DataAddress with access token
{
  "dspace:dataAddress": {
    "@type": "dspace:DataAddress",
    "dspace:endpointType": "https://w3id.org/idsa/v4.1/HTTP",
    "dspace:endpoint": "http://example.com",
    "dspace:endpointProperties": [
      {
        "@type": "dspace:EndpointProperty",
        "dspace:name": "https://w3id.org/edc/v0.0.1/ns/authorization",
        "dspace:value": "token"
      },
      {
        "@type": "dspace:EndpointProperty",
        "dspace:name": "https://w3id.org/edc/v0.0.1/ns/authType",
        "dspace:value": "bearer"
      }
    ]
  }
}
This DataAddress is returned in the DataFlowResponse as mentioned here. With that alone, the data plane
would not be able to determine token revocation or invalidation, so it must also record the access token.
To that end, the EDC data plane stores an AccessTokenData object that contains the token, the source DataAddress and
some information about the bearer of the token, specifically:
- agreement ID
- asset ID
- transfer process ID
- flow type (pushorpull)
- participant ID (of the consumer)
- transfer type (see later sections for details)
The token creation flow is illustrated by the following sequence diagram:

3.2.4 Access Token Validation and Revocation
When the consumer executes a REST request against the provider data plane’s public API, it must send the previously
received access token (inside the DataAddress) in the Authorization header.
The data plane then attempts to resolve the AccessTokenData object associated with that token and checks that the
token is valid.
The authorization flow is illustrated by the following sequence diagram:

A default implementation will be provided that always returns true. Extensions can supply alternative implementations
that perform use-case-specific authorization checks.

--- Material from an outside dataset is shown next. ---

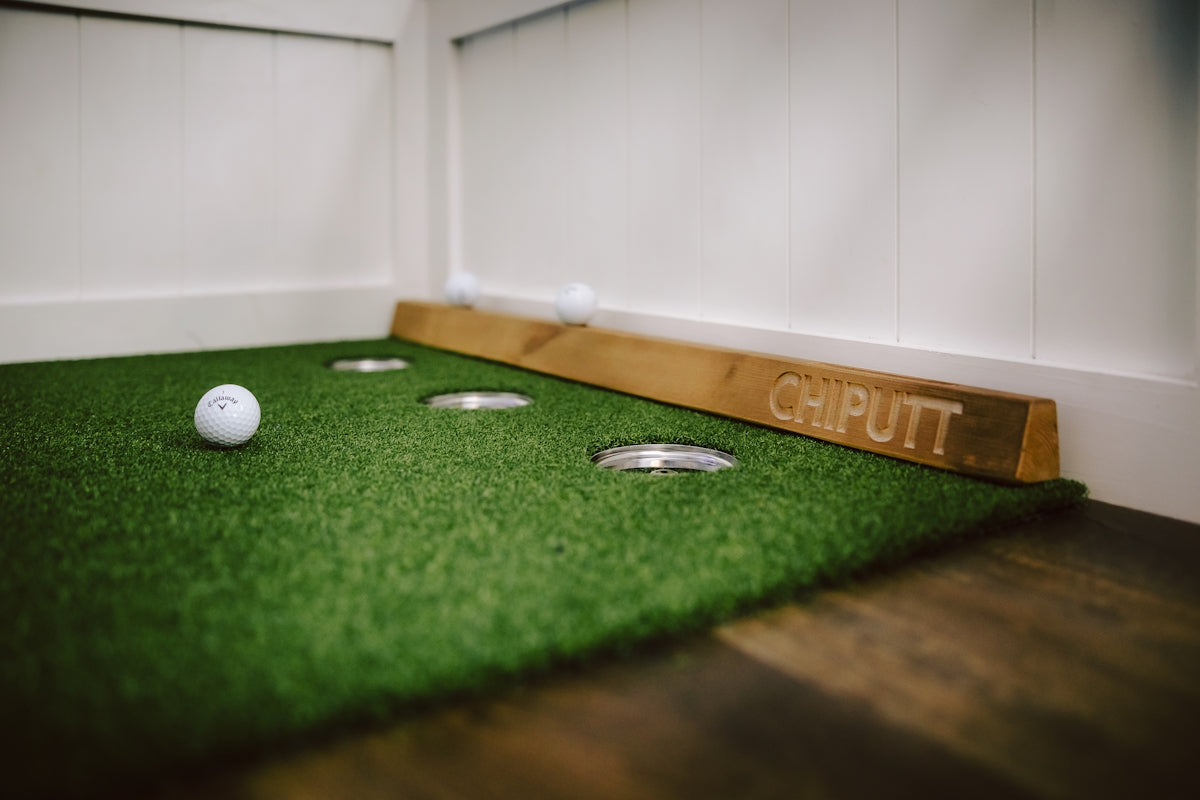 Indoor putting green with golf ball and cups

Please note that DataPlaneAccessControlService implementation must handle all request types (including transport
types) in a data plane runtime. If multiple access check implementations are required, creating a multiplexer or
individual data plane runtimes is recommended.
Note that in EDC, the access control check (step 8) always returns true!
In order to revoke the token with immediate effect, it is enough to delete the AccessTokenData object from the
database. This is done using the DataPlaneAuthorizationService as well.
3.3 Token expiry and renewal
EDC does not currently implement token expiry and renewal, so this section is intended for developers who wish to
provide a custom data plane.
To implement token renewal, the recommended way is to create an extension, that exposes a refresh endpoint which can be
used by consumers. The URL of this refresh endpoint could be encoded in the original DataAddress in the
dspace:endpointProperties field.
In any case, this will be a dataspace-specific solution, so administrative steps are
required to achieve interoperability.
4. Data plane registration
The life cycle of a data plane is decoupled from the life cycle of a control plane. That means, they could be started,
paused/resumed and stopped at different points in time. In clustered deployments, this is very likely the default
situation. With this, it is also possible to add or remove individual data planes anytime.
When data planes come online, they register with the control plane using the DataPlaneSelectorControlApi. Each
dataplane sends a DataPlaneInstance object that contains information about its supported transfer types, supported
source types, URL, the data plane’s component ID and other properties.
From then on, the control plane sends periodic heart-beats to the dataplane.
5. Data plane selection
During data plane self-registration, the control plane builds a list of DataPlaneInstance objects, each of which
represents one (logical) data plane component. Note that these are logical instances, that means, even replicated
runtimes would still only count as one instance.
In a periodic task the control plane engages a state machine DataPlaneSelectorManager to manage the state of each
registered data plane. To do that, it simply sends a REST request to the /v1/dataflows/check endpoint of the data
plane. If that returns successfully, the dataplane is still up and running.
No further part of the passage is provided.